## What to produce
Produce a verbatim copy of the following records, leaving out all pictures.

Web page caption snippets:
----------------

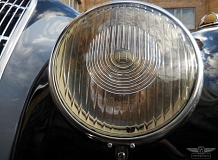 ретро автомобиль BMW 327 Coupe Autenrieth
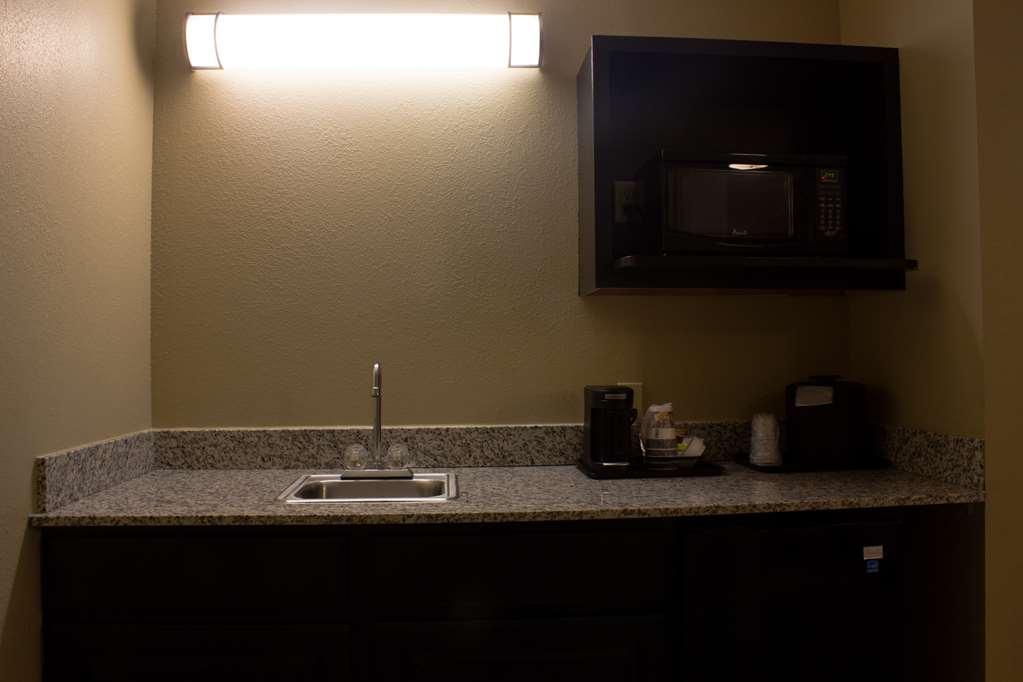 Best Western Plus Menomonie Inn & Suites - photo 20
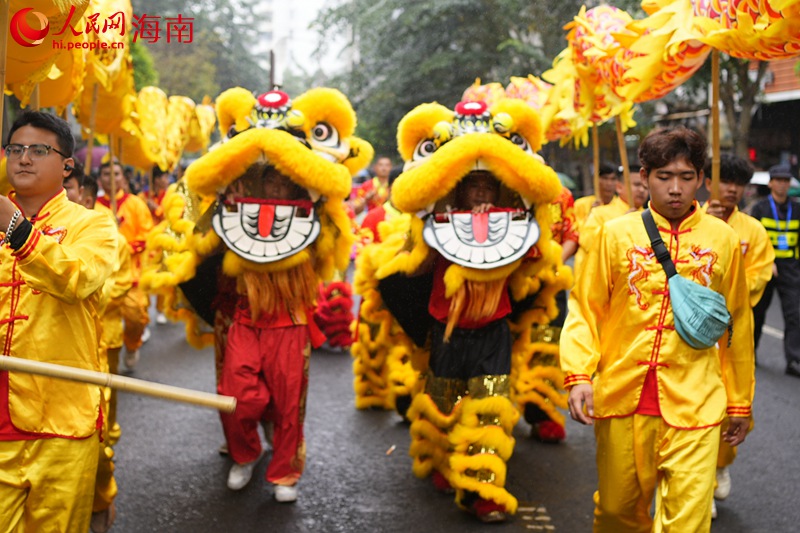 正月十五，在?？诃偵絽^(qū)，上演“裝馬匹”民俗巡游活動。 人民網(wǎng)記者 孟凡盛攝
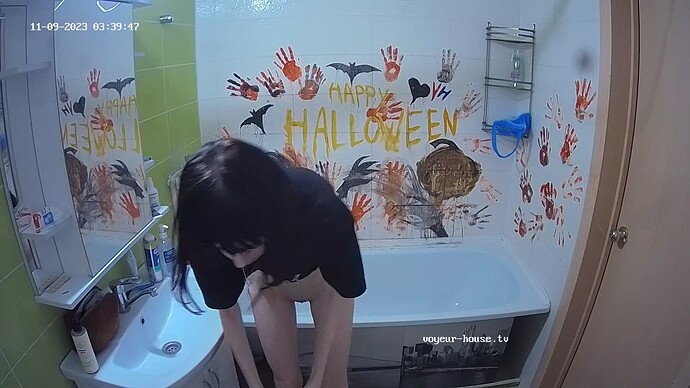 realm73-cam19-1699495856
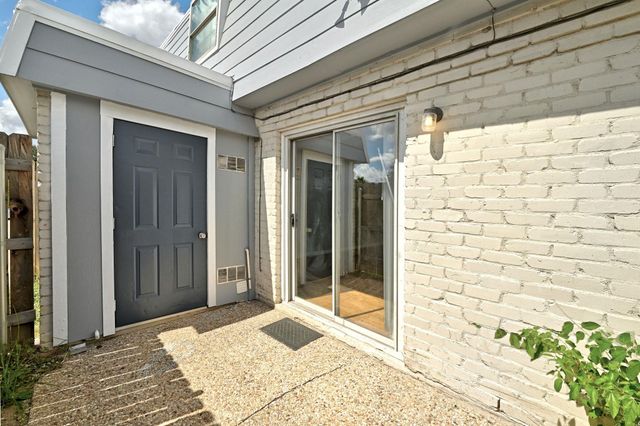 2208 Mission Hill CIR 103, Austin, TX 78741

----------------

## Output for this task
 ретро автомобиль BMW 327 Coupe Autenrieth
 Best Western Plus Menomonie Inn & Suites - photo 20
 正月十五，在?？诃偵絽^(qū)，上演“裝馬匹”民俗巡游活動。 人民網(wǎng)記者 孟凡盛攝
 realm73-cam19-1699495856
 2208 Mission Hill CIR 103, Austin, TX 78741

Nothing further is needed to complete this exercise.